Using the convention where $P(\omega\in \Omega:X(\omega)\in B)$ is written as $P(X\in B)$, you want to show $$ X=Y\quad a.s.\implies P(X\in B)=P(Y\in B) $$ for all $B\in \mathcal B$. We start by "conditioning on" $\{X=Y\}$: $$ P(X\in B)=P(\{X\in B\}\cap \{X=Y\})+P(\{X\in B\}\cap \{X\not=Y\})=P(\{X\in B\}\cap \{X=Y\})+0 $$ since $P(\{X\neq Y\})=0$. Similarly, $$ P(Y\in B)=P(\{Y\in B\}\cap \{X=Y\}) $$ The final step is to realize that $$ P(\{X\in B\}\cap \{X=Y\})=P(\{Y\in B\}\cap \{X=Y\}) $$ because the sets on either side of the above equality are equal.
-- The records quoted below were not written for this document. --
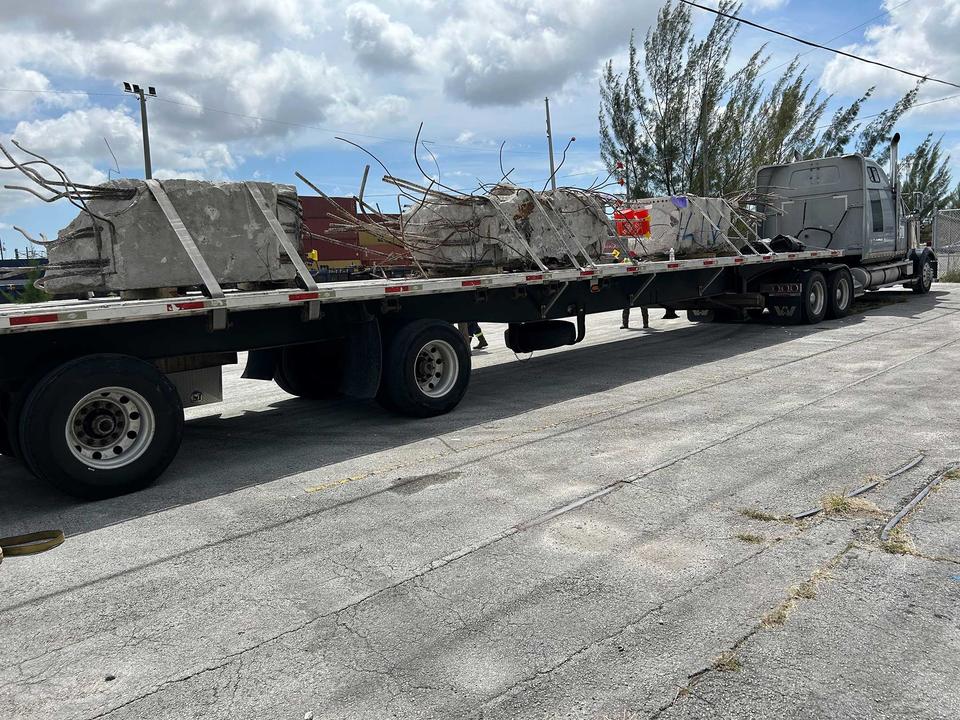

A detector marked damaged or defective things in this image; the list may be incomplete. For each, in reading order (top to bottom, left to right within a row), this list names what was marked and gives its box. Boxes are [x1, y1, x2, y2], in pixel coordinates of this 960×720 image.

cracked pavement [1, 284, 960, 716]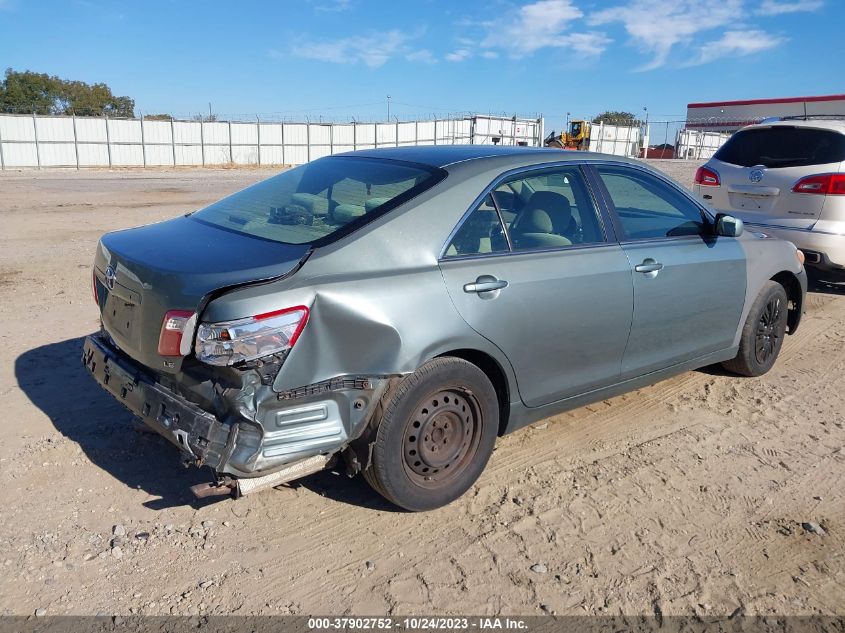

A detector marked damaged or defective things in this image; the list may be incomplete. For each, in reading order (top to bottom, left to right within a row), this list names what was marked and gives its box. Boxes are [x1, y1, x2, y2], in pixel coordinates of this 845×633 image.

damaged rear bumper [81, 334, 390, 492]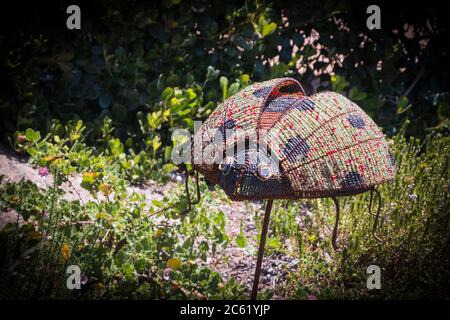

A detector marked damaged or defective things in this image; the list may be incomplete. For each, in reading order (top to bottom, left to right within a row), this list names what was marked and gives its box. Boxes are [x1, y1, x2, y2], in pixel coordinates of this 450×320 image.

rusty metal rod [250, 200, 274, 300]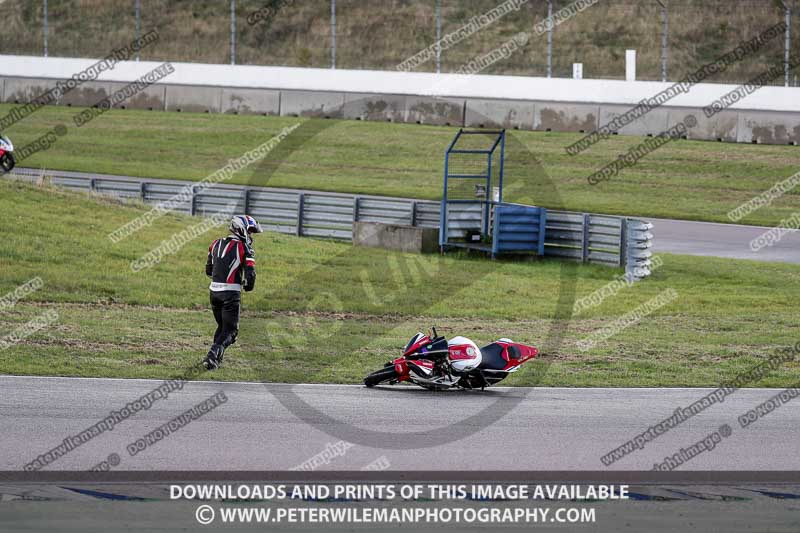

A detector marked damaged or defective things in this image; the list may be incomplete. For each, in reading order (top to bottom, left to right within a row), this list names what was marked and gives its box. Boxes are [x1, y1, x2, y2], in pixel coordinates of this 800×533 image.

Specifically, if $\omega\in \{X\in B\}\cap \{X=Y\}$, then this means that $X(\omega)\in B$ and $X(\omega)=Y(\omega)$, implying $Y(\omega)\in B$ so that $\omega\in \{Y\in B\}\cap \{X=Y\}$. This shows that $\{Y\in B\}\cap \{X=Y\}\subset \{Y\in B\}\cap \{X=Y\}$, and the reverse inclusion holds by an identical argument.

Anyway, combining the last three displayed equations proves what you want.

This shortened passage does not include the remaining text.